== RECORDS ==

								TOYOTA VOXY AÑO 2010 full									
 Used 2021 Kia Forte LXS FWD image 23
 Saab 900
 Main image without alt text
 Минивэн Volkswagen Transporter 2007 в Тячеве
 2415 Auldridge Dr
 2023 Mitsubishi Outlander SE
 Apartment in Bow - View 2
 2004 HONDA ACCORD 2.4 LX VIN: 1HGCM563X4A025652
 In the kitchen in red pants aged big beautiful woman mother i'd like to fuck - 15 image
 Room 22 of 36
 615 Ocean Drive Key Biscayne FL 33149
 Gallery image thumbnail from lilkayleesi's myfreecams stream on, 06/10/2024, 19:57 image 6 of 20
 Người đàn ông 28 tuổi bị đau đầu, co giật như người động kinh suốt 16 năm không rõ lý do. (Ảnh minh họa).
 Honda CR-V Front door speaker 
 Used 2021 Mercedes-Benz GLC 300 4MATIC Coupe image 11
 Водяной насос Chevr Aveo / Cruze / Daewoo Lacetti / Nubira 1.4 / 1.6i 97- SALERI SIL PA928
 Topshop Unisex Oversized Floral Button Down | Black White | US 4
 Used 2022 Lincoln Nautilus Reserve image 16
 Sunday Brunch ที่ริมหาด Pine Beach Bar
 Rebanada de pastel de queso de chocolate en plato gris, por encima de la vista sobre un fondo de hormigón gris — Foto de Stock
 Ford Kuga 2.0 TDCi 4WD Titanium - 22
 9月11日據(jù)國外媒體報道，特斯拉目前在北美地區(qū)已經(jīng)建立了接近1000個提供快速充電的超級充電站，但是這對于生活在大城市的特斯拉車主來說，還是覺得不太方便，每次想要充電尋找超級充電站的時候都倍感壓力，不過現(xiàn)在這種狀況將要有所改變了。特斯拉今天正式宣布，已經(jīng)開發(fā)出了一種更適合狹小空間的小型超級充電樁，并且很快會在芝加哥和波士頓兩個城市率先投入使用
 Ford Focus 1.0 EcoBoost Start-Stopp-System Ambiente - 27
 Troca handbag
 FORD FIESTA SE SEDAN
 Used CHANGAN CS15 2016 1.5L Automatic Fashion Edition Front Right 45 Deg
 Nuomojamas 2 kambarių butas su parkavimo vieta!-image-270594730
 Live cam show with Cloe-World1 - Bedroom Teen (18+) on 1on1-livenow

===

■ WHAT IS EXPECTED ■
All lines above between those holding "Rebanada de pastel" and "Ford Kuga 2.0 TDCi 4WD Titanium - 22", inclusive, must be set down unchanged, and no other line may be included.

■ FINISHED EXERCISE ■
 Rebanada de pastel de queso de chocolate en plato gris, por encima de la vista sobre un fondo de hormigón gris — Foto de Stock
 Ford Kuga 2.0 TDCi 4WD Titanium - 22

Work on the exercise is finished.